Commands & Colours Ancients: Marathon

It’s been nearly a year since I last played Commands & Colours Ancients so when Rohan said he wanted to give his newly purchased (from me!) 15mm Persians a run out “to check they weren’t duds”, I was only too happy to oblige.

Commands & Colours Ancients is a hex based boardgame which is ideally suited to being played with miniatures – in this case using 15mm scale figures based for DBx placed on a Hotz mat terrain cloth with terrain features overlaid.

 

 

 

The scenario we chose to play was the icon battle of Marathon (490 BC) using the GMT games scenario from their website.  We modified the standard scenario rules to class the thinly spread Greek hoplites in the centre as Auxillia but without missile capability as they were not fighting in their usual formations.

For our first game, I took command of the Persians and Rohan the Greeks.  The Greeks were slow to advance but thanks to a “Double Time” march, the Persian medium infantry from the centre and some light troops on the right were able to quickly advance and surround the isolated Greek hoplites opposite them.  In the second turn, a “Medium Units” command allowed the Persian infantry to press their advantage while the Persian cavalry forded the river.

One of the Greek generals did attempt a spirited counterattack but obviously had angered the gods before the battle as despite rolling five dice in close combat when attached to a unit of hoplites, failed to do any damage at all to my own general’s unit.

By the end of the third or fourth turn, the Persian cavalry and medium infantry had wiped out the Greek right flank and most of the centre in a convincing victory before the hoplites on the Greek left flank had been able to advance at all.

 

In the second game, we switched sides so I commanded the Greeks and Rohan the Persians.

My initial hand of command cards was frustrating as it was almost exclusively centre and light cards so in my first turn all I could manage was some pretty lacklustre missile fire and couldn’t mobilise any of the medium and heavy infantry on my flanks.  Fortunately Rohan’s first move was to play a left flank card which I could then “Counterattack” to get my hoplites trundling forwards to oppose them.

A “Double Time” on my third turn allowed me to press further forward and subsequently was able to destroy most of the Persian left flank with my hoplites, including one of the Persian generals for only modest casualties, helped by the timely use of a “First Strike” by own general’s unit of hoplites.

With the game still in the balance, the Persians did advance on the other flank with an “I Am Spartacus” command but unlucky dice rolling meant Greek casualties were minimal while the Persians had to pull back a couple of damaged units of light troops to conserve them.

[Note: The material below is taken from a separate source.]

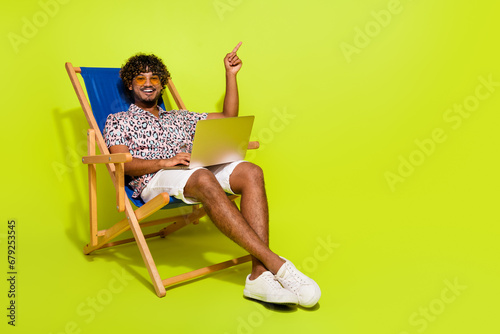 Full length photo of young male sunbed point empty space dressed stylish pink leopard print garment isolated on yellow color background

Pinned between the hoplites the river, the Persian light troops in the centre finally fell before their cavalry were able to ford the river and come to their assistance.  The final result was a Greek victory but not as decisive as the first game and the outcome could have been quite different of the Persian infantry general had not been killed so early in the game.

Despite both being slightly out of practice with the rules, the game was set up and two complete battles played to a satisfactory conclusion in a total of about an hour and a half.  It’s difficult to think of any other sets of miniatures rules which could achieve this without the high levels of abstraction and ‘bathtubing’ you might find in a game like DBA.  The use of hexes for movements removes all the minutia of unit placement and manoeuvre which can slow down other games terribly.

Although simple, Commands & Colours Ancients really does create a credible narrative for a battle in the ancient world, in an accessible and fun format.  Every time I play, I can’t help asking myself why I don’t use these rules more often.  With that in mind and inspired by my recent reading of Dan Mersey’s book on wargaming early Roman armies, I plan to dust off my 10mm Early Imperial Roman and Ancient British armies to refight the Conquest of Britain.  You could probably manage the entire campaign in a day!